Safety and pharmacodynamic assessments
Safety and tolerability of FBS0701 were primary objectives of the study and were assessed in the clinic at day 1 and then weekly for weeks 1 to 4 of therapy, biweekly for weeks 6 to 8, then every 4 weeks during weeks 12 to 24. Safety assessments consisted of AE recording, physical examinations, vital signs measurements, clinical laboratory measures including biochemistry, hematology, coagulation, and urinalysis with microscopy, and ECGs. All clinical pathology determinations were performed at BARC Laboratories in Ghent, Belgium or Sydney, Australia. ECGs were performed at baseline, week 12, and week 24 and reviewed by an independent cardiologist (J.C.W.).
Pharmacodynamic response by LIC was assessed by FerriScan (Resonance Health) abdominal R2 MRI and reported by Resonance Health. MRIs were performed at baseline (1-2 weeks before dosing), approximately week 12 (± 10 days), and approximately week 24 (−10 to −5 days).
AEs
AEs were defined as any unexpected, unfavorable, harmful, or pathologic change in a patient as indicated by physical signs or symptoms, including intercurrent illnesses or injuries and/or clinically significant laboratory abnormalities occurring over the course of the 24-week treatment and 4-week posttreatment period. A serious AE (SAE) was defined as an event that was fatal or life-threatening, requiring hospitalization, surgery, or resulting in a persistent disability. All AEs and SAEs were assessed by each site investigator for their possible relationship to the study drug.
AEs were captured electronically on a standard case report form. Each investigator graded the severity of the AEs for their patients, including elevations in their transaminases. All AEs reported in this study were coded using the Medical Dictionary for Regulatory Activities. A safety review committee composed of the principal investigator, the sponsor's medical monitor, and a cardiologist reviewed safety and tolerability every 4 weeks.
Statistical analysis
Safety and tolerability.
Demographics, medical and surgical history data at screening, physical examination data including height and weight, vital signs, and ECG parameters were tabulated and summarized. Treatment-emergent AEs were listed and summarized at each visit. Clinical significance of abnormal laboratory values was assessed by each investigator. All patients who had taken at least one dose were included in the safety analysis consistent with an intention-to-treat analysis.

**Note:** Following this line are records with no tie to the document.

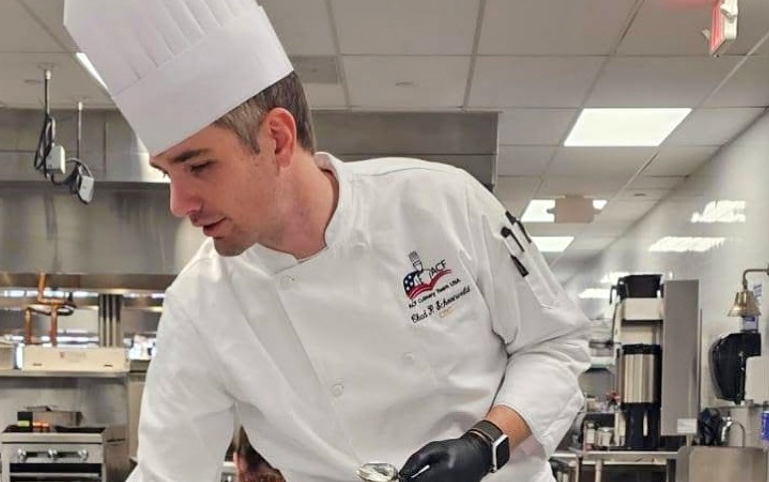 A man wearing a tall chef's hat and chef's coat works in a kitchen.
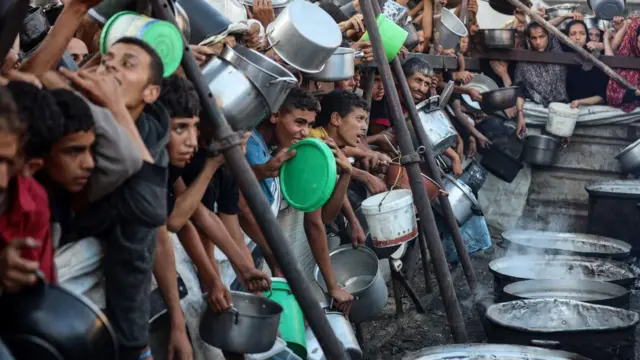 People including young boys wait in line to receive hot meals distributed by GHF in Gaza City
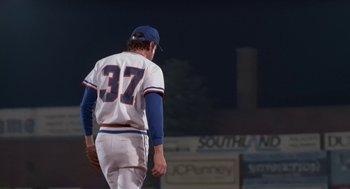 Movie still from “Bull Durham” (1988), directed by Ron Shelton – A baseball player walking on a field at night; Medium shot, Low angle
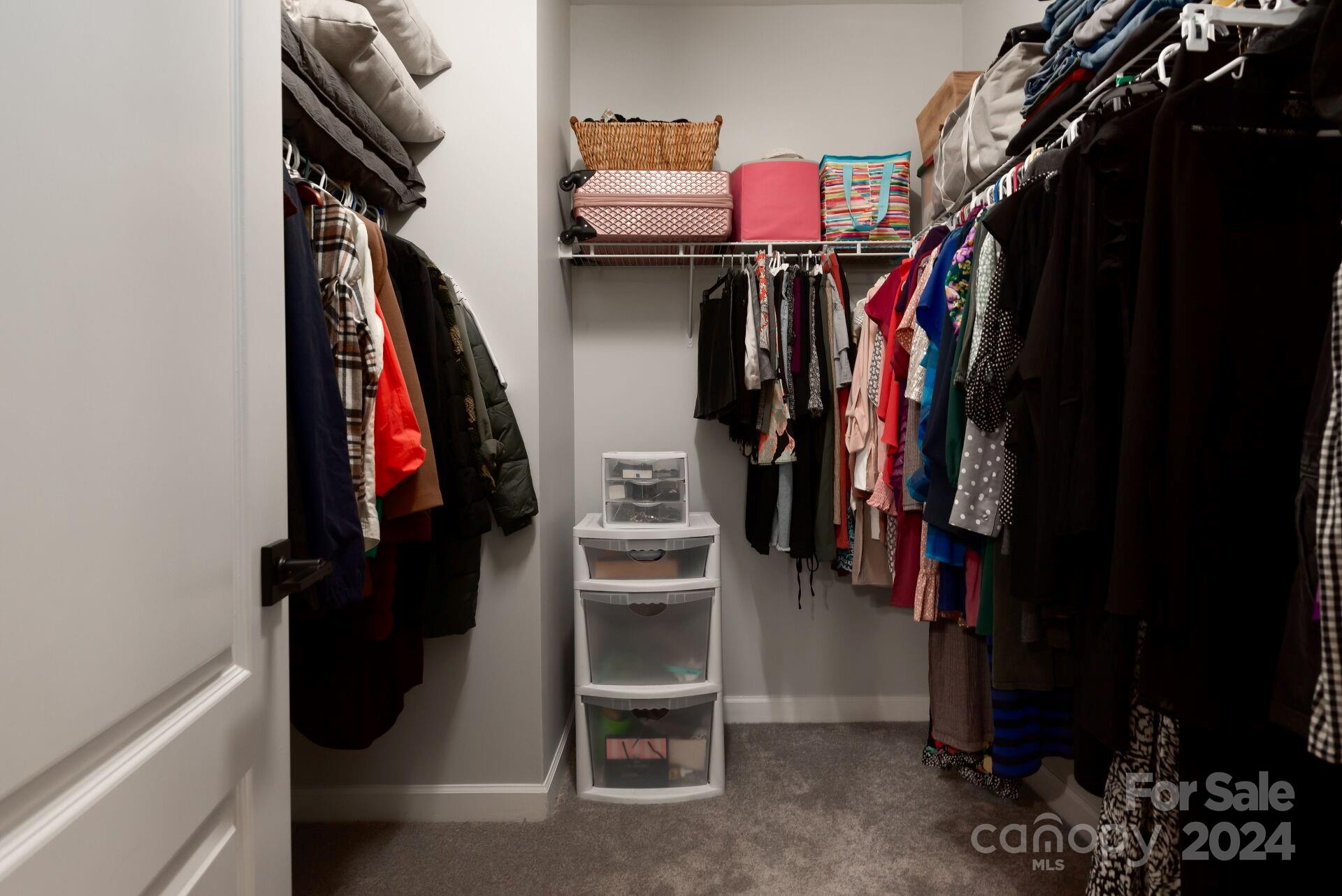 6725 Dusty Saddle Road Charlotte, NC 28277 - Photo 15 of 29 a view of walk in closet with clothes and shoes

Pharmacodynamics, including dose-response.
A second primary objective was pharmacodynamics assessed as a difference in the proportion of patients in the 2 treatment arms with a net negative change in LIC over the 24-week treatment period and a difference in the mean change in LIC in the 2 treatment arms.
Statistical methods.
A sample size over 21 per arm was needed to provide the study with a statistical power of 0.80 to detect, within 6 months, an LIC difference of 3 mg/g liver (dry weight) between the 2 dose groups as determined by liver R2 MRI, or a difference between the 2 treatments arms in the proportion of patients with a net negative hepatic loss. Baseline characteristics within dose groups were compared using Fisher exact test. All transformed continuous parameters were subject to analysis of covariance with a critical value of 0.05 (95% CI). For 2 group comparisons, Student t and the Wilcoxon rank-sum test were used. Linear regression was applied to the data with determination of the correlation coefficient (R2). All tests were performed with SAS Version 9.1 software or higher. For safety and tolerability, all patients who had at least 1 dose were included in the analysis; missing data were the last value carried forward. Only patients who completed the 24-week dosing period and had at least baseline and week 24 MRI studies were included in the dose-response analysis.
Results
Patient disposition
Seventy-three patients consented; 51 passed screening and were randomized. All screening failures were the result of laboratory or clinical parameters outside the permissible range listed in the protocol; the most common causes were LVEF, T2* and LIC outside the permitted range. All 51 patients received at least 1 dose of FBS0701. Forty-nine patients completed the study. Two patients withdrew for reasons unrelated to FBS0701.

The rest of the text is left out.